Back in 2005, there was a trigger for a collapse: resetting subprime loans. Borrowers had to either sell or be foreclosed on, causing inventory to spike and prices to begin their tumble. Today, however, there is no trigger. Most troubled loans have been modified to the point where owners have zero interest in ever selling. Instead of homeowners being incentivized to sell, they are incentivized to stay. The result is that our normal housing inventory is down by 50-75% across the Bay Area. 

It makes sense that, at some point, prices will become so high that even people with modified 2% interest rates will decide to cash out. At that point, we should see inventory normalize and the rally cool off. 

That point doesn’t appear to be coming any time soon.


Fewer Bay Area Home Sales In December

As the Bay Area’s housing inventory continued to decline through the end of 2013, so did the number of homes sold. December’s existing home sales fell 12.7 percent from 2012. Meanwhile, home prices exploded 23.9% year-over-year.

More, from DataQuick:

Sales almost always increase from November to December, usually around 8 percent. Last month’s sales were 21.3 percent below the December average of 8,529 since 1988, when when DataQuick’s statistics begin. Bay Area sales haven’t been above average for any particular month in more than seven years. The most active December was in 2003 when 12,349 homes sold, while the least active was in 2007, when 5,065 sold.

The median price paid for a home in the Bay Area last month was $548,500. That was 0.3 percent lower than $550,000 in November, and 23.9 percent above $442,750 for December 2012. While the median has been at roughly the current level since last summer, it has increased year-over-year for 21 consecutive months.

The Bay Area median peaked at $665,000 in June and July 2007, then dropped to a low of $290,000 in March 2009. While much of the median’s ups and downs in recent years can be attributed to shifts in the types of homes sold, it now appears most of the current year-over-year gain reflects a rise in home values.

For 14 consecutive months the Bay Area median has risen more than 20 percent on a year-over-year basis.

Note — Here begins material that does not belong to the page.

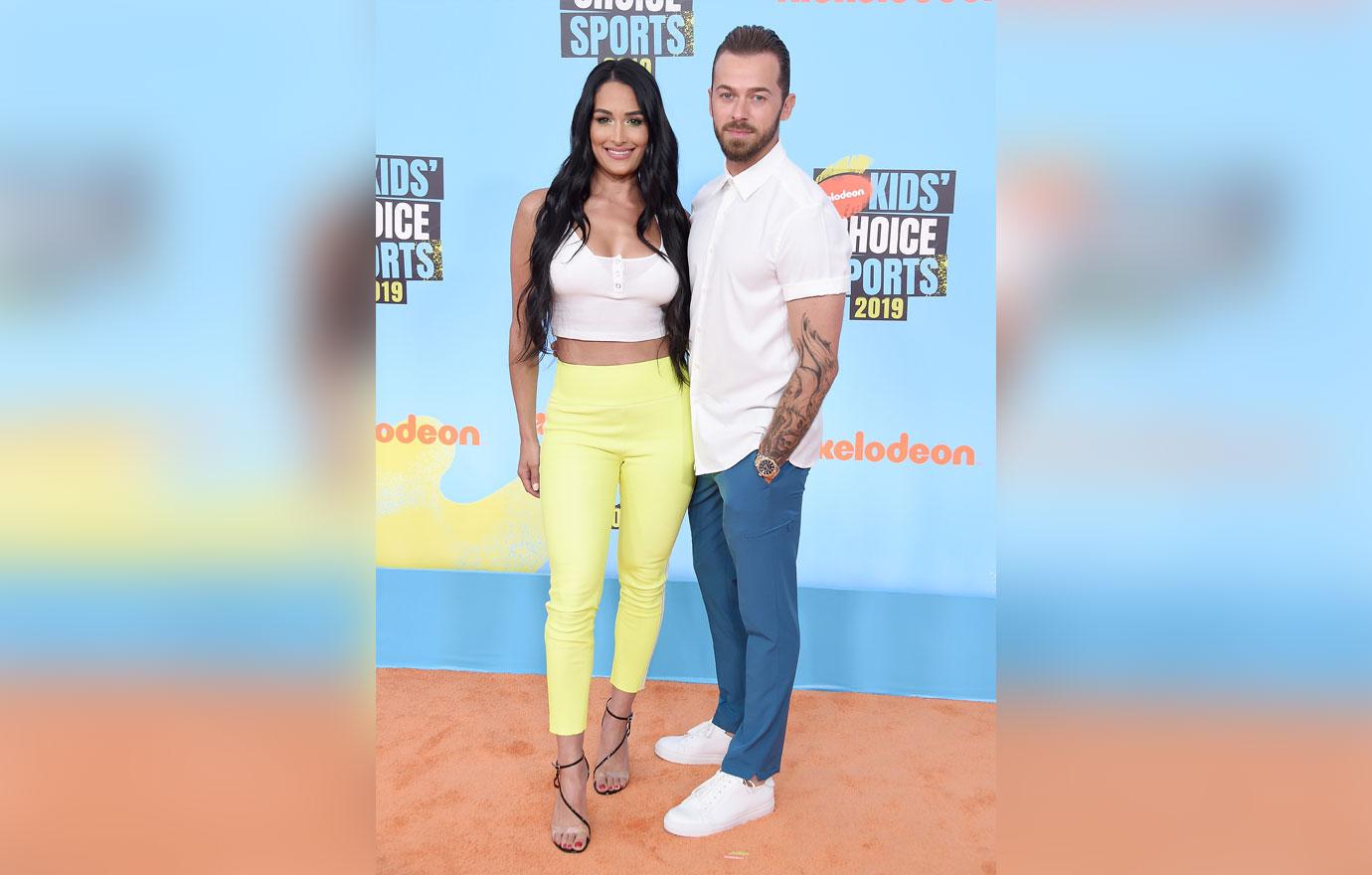 Nikki Bella & Artem Chigvintsev Look Smitten Leaving A Party In LA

“If current trends hold, including year-over-year price appreciation of 20-plus percent, the typical home would be selling for $50,000 to $60,000 more by spring. Perhaps twice that at the upper end of the market. That could loosen up quite a bit of inventory. The question then is, how much of the pent-up demand that accumulated during the down years is still there? An additional issue is the fussy mortgage market, although things are moving in the right direction there, slowly,” said John Walsh, DataQuick president.

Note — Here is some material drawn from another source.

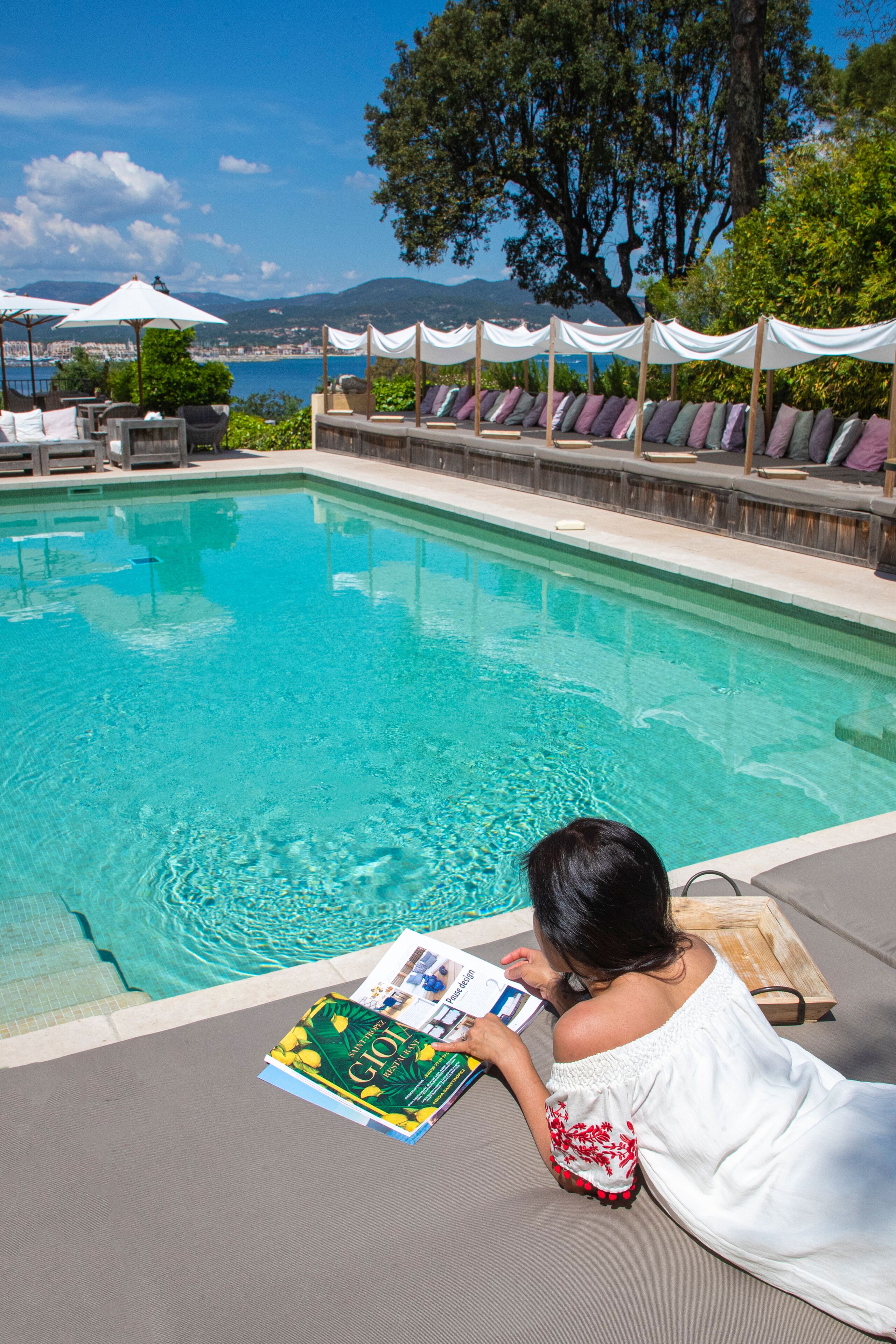 A poolside area with lounge chairs and umbrellas, a woman reading a book, and a view of the sea and hills in the background.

I can tell you from in the trenches, typical homes are already selling for $50,000 more and we’re still in January. The market is absolutely on fire.

 Bay Area December 2014 Home Sales

Danville Area Housing Supply Non-Existent

The number of homes for sale along the 680 Corridor continues to dwindle, as steady demand gobbles up the few homes remaining for sale. Danville, Pleasanton, San Ramon, and Walnut Creek all have less than a 1-month supply of homes.

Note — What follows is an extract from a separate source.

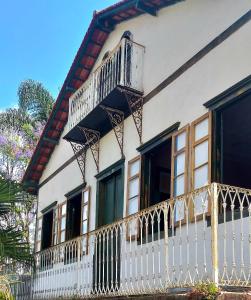 帕萨夸特鲁Hostel Pousada Harpia的房屋设有白色的围栏和阳台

2014 is off to a very bullish start for home prices.

Danville Housing Supply, January 2014

*Months of supply represents how long it would take to sell all of the current homes for sale, at the current pace, if no additional homes were listed. The figure measures current supply versus current demand. The lower the number, the more quickly homes are selling, the more likely there are to be bidding wars, and the more quickly prices are being pushed up. A higher number means more homes are sitting unsold and are having to drop prices to compete for buyers.